Here’s another benefit you can reap from an FWB relationship. For all my cheapskates out there, you’ll be happy to know that there’s practically no need for you to go on a date with your FWB. As a matter of fact, dates are (sort of) forbidden.
Dates are for regular couples. It’s when couples spend quality time so they can get to know each other better, which is totally a waste of time in terms of a relationship. There’s no need for you to learn anything about your FWB partner other than how he wants to take it in bed, what his favorite sex position is, which sex toy he’s comfortable with, and how many rounds can he go in one night.
No anniversaries you need to remember
Normal couples celebrate every little thing under the sun. Aside from the official yearly anniversary of their relationship, they also sometimes commemorate the day of their first meeting, quarterly meeting, some even celebrate monthly. Not only do these celebrations cost money, but they can also be a source of stress and hassle. It’s borderline ridiculous yet totally understandable. Couple who are in so love to get cheesy like that.

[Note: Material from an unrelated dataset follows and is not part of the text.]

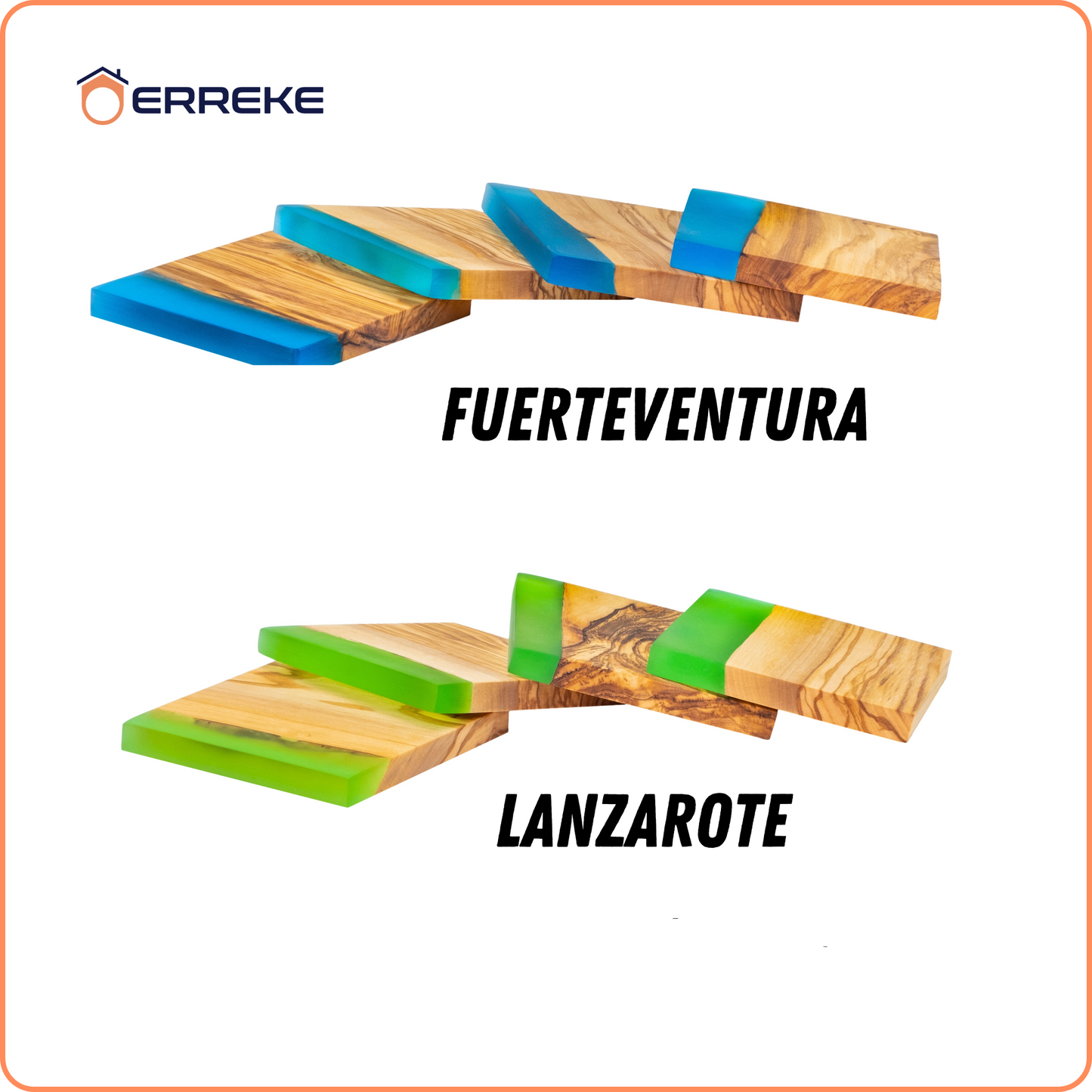Set of 4 Original Coasters in Natural Olive Wood and Epoxy Resin LANZAROTE, Cups, Glasses, 10x10x1.2 cm (Green)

But when you’re in a friends with benefits situation, there’s really nothing you need to celebrate, other than the great sex you’re having. You don’t need to spend a dime on a fancy surprise dinner party with your partner, and if you forget about the date of your first meeting, it’s totally fine. Your partner isn’t going to hold it against you.
You keep your freedom
A committed and exclusive relationship is good, and all but that’s not everyone’s cup of tea. Others can’t be tied down just yet.
Some men and women want to have the freedom to go out and sample the different flavors the world has to offer before finally settling down. They want their cake, and they want to eat it too.
If you’re one of them who values their independence, you may want to explore your choices by engaging in an FWB situation. Because of it’s convenient and upfront nature, FWB relationships are the perfect set-up for free-spirited people like you. You can hit it and quit it anytime you like with no feelings getting hurt in the process. It doesn’t matter if you keep at it for weeks or months, the rules stay the same. You’re non-exclusive, and whatever you got going, it stays in the bedroom only.
FWB breakups don’t end with tears
Breakups are hard. It’s especially hard when you’ve been emotionally invested in the relationship. It can get messy and painful in the end.
If you want to save yourself from all that drama, then go for an FWB relationship.
There’s no love lost when a friends with benefits arrangement ends, because there was never love to begin with. There are no tears shed, and no hearts broken. You’ve been keeping everything casual, so you’re not emotionally devastated when the time comes that you need to turn to another chapter of your life. A clean breakup, while not always guaranteed, is still more feasible in an FWB than in normal couple relationships.
There’s no denying that FWB relationships number one perk is the sex that comes with it. The rest are just bonuses. As for the question whether it’s worth giving a shot or not, it all depends on the person really. If you’re someone who can have a physical relationship without developing emotions, then this one is for you. But if you’re the opposite, then we suggest you don’t involve yourself in an FWB situation and find something more serious instead.